Items listed in a dataset
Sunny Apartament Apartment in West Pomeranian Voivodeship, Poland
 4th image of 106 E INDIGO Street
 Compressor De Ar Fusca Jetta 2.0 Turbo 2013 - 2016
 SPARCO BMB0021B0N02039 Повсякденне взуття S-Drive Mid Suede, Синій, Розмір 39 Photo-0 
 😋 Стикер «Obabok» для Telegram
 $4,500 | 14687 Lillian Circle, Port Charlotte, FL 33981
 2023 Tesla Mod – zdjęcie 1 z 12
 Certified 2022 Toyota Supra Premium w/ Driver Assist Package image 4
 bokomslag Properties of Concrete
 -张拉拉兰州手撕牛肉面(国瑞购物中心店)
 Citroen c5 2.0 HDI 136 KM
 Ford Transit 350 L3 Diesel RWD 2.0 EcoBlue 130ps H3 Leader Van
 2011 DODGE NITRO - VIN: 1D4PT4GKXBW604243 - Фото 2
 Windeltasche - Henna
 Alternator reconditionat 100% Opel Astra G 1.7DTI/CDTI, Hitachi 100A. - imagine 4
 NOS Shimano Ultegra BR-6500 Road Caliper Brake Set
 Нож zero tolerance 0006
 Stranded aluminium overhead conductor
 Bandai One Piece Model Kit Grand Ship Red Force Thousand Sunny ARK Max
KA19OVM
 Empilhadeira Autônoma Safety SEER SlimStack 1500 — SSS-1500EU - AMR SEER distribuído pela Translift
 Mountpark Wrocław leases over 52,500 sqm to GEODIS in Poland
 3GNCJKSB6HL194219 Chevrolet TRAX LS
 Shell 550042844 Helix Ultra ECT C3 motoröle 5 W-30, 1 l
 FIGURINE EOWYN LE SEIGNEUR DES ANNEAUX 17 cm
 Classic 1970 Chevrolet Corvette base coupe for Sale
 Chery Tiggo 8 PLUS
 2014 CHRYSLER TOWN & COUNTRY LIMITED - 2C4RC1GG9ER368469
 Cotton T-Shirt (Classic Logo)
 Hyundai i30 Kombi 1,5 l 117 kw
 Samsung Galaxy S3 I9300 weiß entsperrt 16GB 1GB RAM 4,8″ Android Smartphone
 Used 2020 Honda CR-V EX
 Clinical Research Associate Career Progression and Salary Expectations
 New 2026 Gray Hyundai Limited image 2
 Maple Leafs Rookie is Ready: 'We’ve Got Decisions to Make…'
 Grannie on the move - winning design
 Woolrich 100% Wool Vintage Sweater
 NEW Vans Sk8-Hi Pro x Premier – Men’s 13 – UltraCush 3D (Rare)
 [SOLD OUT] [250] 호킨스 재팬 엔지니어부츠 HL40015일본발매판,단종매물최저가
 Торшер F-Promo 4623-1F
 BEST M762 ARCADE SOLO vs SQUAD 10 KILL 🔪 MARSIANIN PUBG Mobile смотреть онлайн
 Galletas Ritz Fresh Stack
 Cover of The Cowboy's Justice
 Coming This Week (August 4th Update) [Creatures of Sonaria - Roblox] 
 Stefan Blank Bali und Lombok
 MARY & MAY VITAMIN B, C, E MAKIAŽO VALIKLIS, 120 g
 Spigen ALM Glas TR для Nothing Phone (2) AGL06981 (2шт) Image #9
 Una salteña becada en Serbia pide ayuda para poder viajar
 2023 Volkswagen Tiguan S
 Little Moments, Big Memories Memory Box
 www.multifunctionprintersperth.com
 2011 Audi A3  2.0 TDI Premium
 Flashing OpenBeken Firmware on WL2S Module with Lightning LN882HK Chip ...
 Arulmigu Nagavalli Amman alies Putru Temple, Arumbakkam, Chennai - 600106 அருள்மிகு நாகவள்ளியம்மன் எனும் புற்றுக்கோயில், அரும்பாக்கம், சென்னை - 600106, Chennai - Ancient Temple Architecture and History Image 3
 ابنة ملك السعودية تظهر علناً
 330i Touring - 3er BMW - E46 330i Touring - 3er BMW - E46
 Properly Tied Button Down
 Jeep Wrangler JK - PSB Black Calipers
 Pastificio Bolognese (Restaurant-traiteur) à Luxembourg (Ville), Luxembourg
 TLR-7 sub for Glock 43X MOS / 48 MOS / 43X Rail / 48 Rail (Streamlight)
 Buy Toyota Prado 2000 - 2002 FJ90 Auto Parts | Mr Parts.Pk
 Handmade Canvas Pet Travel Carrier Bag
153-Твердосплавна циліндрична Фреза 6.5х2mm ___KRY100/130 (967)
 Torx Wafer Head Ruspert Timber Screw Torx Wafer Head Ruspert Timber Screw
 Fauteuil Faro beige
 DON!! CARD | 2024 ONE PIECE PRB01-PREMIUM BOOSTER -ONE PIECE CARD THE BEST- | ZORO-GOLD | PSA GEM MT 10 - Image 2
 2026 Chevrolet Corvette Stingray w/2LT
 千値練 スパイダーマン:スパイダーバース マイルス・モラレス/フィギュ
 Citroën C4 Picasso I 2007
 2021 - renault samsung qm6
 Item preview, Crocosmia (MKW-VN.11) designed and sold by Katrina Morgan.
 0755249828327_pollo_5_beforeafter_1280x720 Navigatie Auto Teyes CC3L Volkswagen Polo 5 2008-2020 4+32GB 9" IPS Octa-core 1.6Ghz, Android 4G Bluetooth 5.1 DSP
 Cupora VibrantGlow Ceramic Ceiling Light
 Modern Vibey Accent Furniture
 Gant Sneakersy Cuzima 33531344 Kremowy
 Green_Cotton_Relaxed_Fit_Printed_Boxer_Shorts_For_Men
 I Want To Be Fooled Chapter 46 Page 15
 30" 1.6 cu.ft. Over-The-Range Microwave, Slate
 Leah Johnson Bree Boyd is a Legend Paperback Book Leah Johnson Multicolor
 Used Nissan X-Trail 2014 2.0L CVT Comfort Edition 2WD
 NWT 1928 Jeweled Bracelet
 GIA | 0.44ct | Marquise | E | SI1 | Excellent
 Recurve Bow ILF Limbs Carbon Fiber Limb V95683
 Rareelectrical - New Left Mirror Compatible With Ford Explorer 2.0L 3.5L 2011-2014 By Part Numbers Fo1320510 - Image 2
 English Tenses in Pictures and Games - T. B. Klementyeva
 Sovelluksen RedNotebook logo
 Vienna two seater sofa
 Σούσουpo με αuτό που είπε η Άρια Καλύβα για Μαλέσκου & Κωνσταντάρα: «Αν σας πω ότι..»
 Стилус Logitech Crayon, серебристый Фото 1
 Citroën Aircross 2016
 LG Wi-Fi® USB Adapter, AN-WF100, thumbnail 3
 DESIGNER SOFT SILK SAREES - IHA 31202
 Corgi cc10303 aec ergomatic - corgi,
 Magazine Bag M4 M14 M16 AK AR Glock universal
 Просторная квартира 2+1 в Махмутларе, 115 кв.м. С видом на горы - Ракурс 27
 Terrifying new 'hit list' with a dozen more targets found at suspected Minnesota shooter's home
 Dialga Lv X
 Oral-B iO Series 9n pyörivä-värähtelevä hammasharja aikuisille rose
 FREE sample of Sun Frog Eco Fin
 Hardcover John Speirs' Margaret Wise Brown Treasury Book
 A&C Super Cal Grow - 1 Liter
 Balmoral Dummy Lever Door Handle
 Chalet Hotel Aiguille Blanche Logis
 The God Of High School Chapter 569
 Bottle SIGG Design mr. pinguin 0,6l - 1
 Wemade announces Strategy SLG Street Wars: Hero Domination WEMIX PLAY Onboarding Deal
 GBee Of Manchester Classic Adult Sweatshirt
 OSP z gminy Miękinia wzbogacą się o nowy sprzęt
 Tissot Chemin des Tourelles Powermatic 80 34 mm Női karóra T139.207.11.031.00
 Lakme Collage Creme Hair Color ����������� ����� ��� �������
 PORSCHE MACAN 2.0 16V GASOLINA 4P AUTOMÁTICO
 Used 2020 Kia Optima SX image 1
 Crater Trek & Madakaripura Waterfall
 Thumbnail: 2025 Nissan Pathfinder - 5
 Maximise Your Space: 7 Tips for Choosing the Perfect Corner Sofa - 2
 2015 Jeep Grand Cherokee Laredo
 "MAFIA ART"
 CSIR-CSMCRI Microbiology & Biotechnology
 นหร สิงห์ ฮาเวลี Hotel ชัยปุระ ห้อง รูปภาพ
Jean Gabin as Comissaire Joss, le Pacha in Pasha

What needs to be done:
From the data above, return every line from the line that has "Handmade Canvas Pet Travel Carrier Bag" up to and including the line that has "Item preview, Crocosmia", exactly.

Answer to this problem:
 Handmade Canvas Pet Travel Carrier Bag
153-Твердосплавна циліндрична Фреза 6.5х2mm ___KRY100/130 (967)
 Torx Wafer Head Ruspert Timber Screw Torx Wafer Head Ruspert Timber Screw
 Fauteuil Faro beige
 DON!! CARD | 2024 ONE PIECE PRB01-PREMIUM BOOSTER -ONE PIECE CARD THE BEST- | ZORO-GOLD | PSA GEM MT 10 - Image 2
 2026 Chevrolet Corvette Stingray w/2LT
 千値練 スパイダーマン:スパイダーバース マイルス・モラレス/フィギュ
 Citroën C4 Picasso I 2007
 2021 - renault samsung qm6
 Item preview, Crocosmia (MKW-VN.11) designed and sold by Katrina Morgan.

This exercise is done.